The time has come when local anglers find it hard to decide where to go and what species to go after. They could head to the mountains to look for trout, stay in and around the tidal Potomac River area to cash in on remnant yellow perch runs or find good catches of largemouth bass in the tidal feeder creeks. There also are the white perch heading upstream to deposit their eggs in a number of places.

A few days ago I had a wonderful time catching spawning-run white perch and a few yellow perch in the Wicomico River’s Allen’s Fresh sector (Route 234, Charles County) from the shoreline. While a neighboring angler couldn’t buy a hit on his live minnow, I had instant action by casting and retrieving 1/8-ounce jig hooks dressed with a chartreuse/red plastic grub. Yellow/red 1/16-oz. or 1/8-oz. shad darts, simply cast out and steadily retrieved, also work. But beware of snags; bring extra lures.

Try for perch in the Patuxent River around Hill’s Bridge (Route 4, Prince George’s/Anne Arundel counties), or head for the upper Nanjemoy Creek (upstream of the Friendship Road Landing, off Route 425) in Charles County, where there will be mixed bags of yellow and white perch. The same goes for Virginia’s Occoquan, Potomac and Aquia creeks that flow into the Potomac River. In the Northern Neck of Virginia, check out the Nomini Bay and Creek downstream of Colonial Beach as well as the Bowling Green area’s Mattaponi River (crossed by Route 301).

Keith Lockwood of the Maryland Department of Natural Resources says the Eastern Shore turns up white perch and some yellow perch in the lower parts of the Nanticoke River’s Marshyhope Creek (Federalsburg area). If you head up to the Chester River in Millington (Route 313), the white perch should be biting there as well.

If it’s bass you’re after, the Potomac’s Mattawoman Creek has been turning up impressive numbers to boaters casting crankbaits, plastic Pika Craws, Sting Ray grubs or jig’n’craws. Some action also can be expected in any of the river’s tributaries.

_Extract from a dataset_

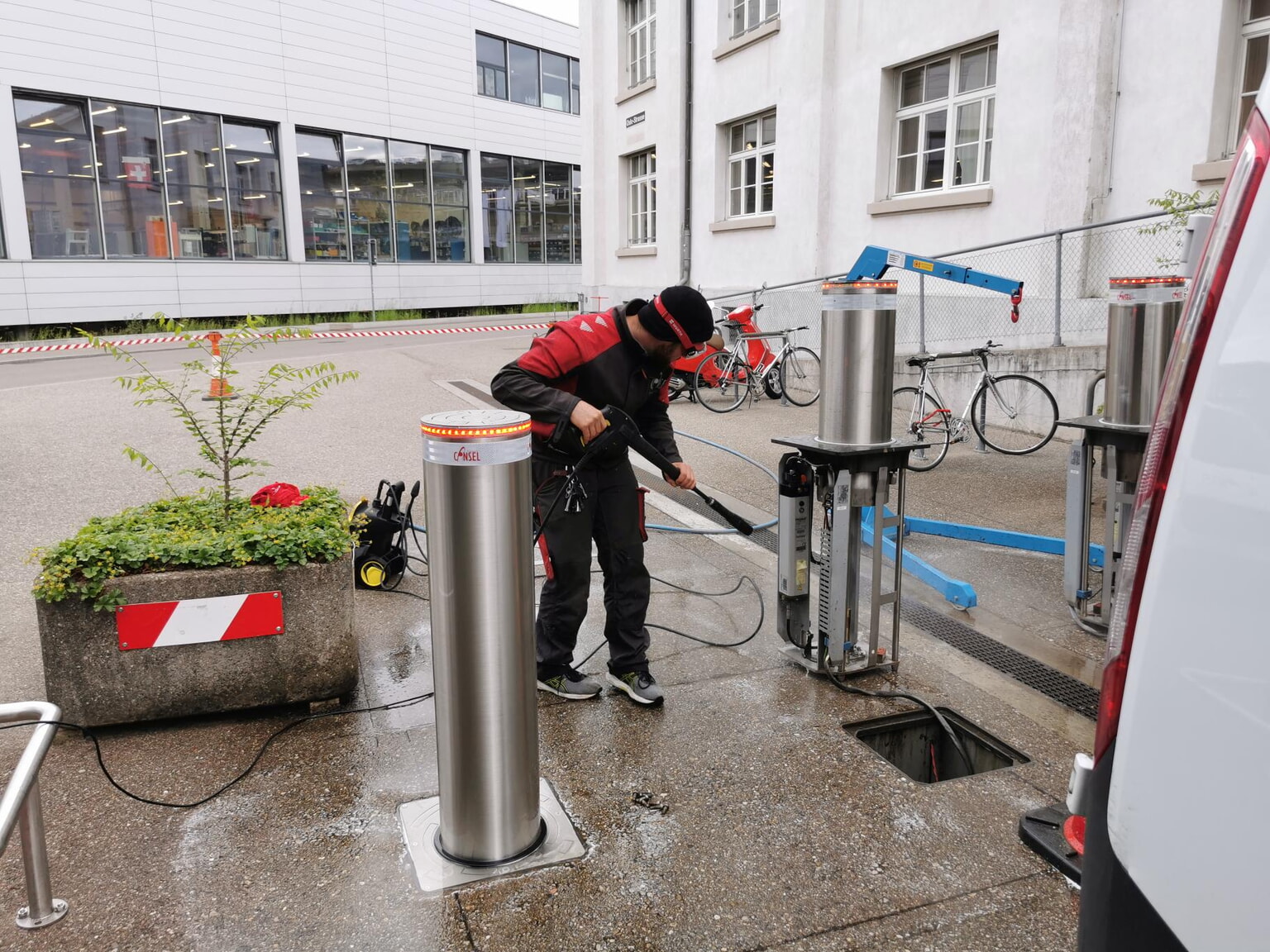 Wartung von Pollern – Consel Group AG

Even the reservoirs have turned up early largemouth bass. Lockwood said a local fisherman, Craig Walrath, caught a 5 1/2-pound bass in the nearby Rocky Gorge Reservoir. He used a jerkbait, then let the fish go because keeper season has not yet arrived in the state’s fresh waters.

- Fountainhead Park ranger Smokey Davis said the recent rainy weather did not stop the Fountainhead Bass Club members as they brought 30 boats to their first tournament of the season.

“The winning weight was 21.4 pounds [for six fish]; the biggest bass weighed 5.6 pounds,” Davis said.

Several smallmouth bass in the 3 1/2-pound range were caught during the tournament.

“The bass are slowly moving out of deep water into staging areas in the 12- to 15-foot range,” he added.

A strong crappie bite also is under way, and the catfish are starting to cooperate. Water temperatures run between 47 and 51 degrees, and the lake is clear.

- Recent days of rain lowered the lake’s water temperatures by 5 degrees, lake resident Marty Magone said.

“It is 50 degrees in the creeks, while main lake is 45,” he said. “The bass are scattered but still willing to nail a shakyhead jig worm fished near various creek points. Look for any submerged stumps or rocks near these points. Water levels are up.”

- Boaters are casting and jigging plastics and bucktails for stripers in the warm-water discharge at the Calvert Cliffs Power Plant in Calvert County. Catches are hit-and-miss, but some anglers score. In the lower Chesapeake, the rockfish catches should improve soon. Thus far, the best bet has been the York River, where some 50-inch stripers have been hooked in the past week.

- The Potomac River Smallmouth Club meets at 7 p.m. on March 25 at the Vienna Fire Station. Upper river guides John Hayes and Mark Kovach will do a spring smallmouth bass presentation that shows local anglers where and how to fish, what kind of tackle to use and how best to rig it. For more information, contact Ernie at ernierojas@verizon.net.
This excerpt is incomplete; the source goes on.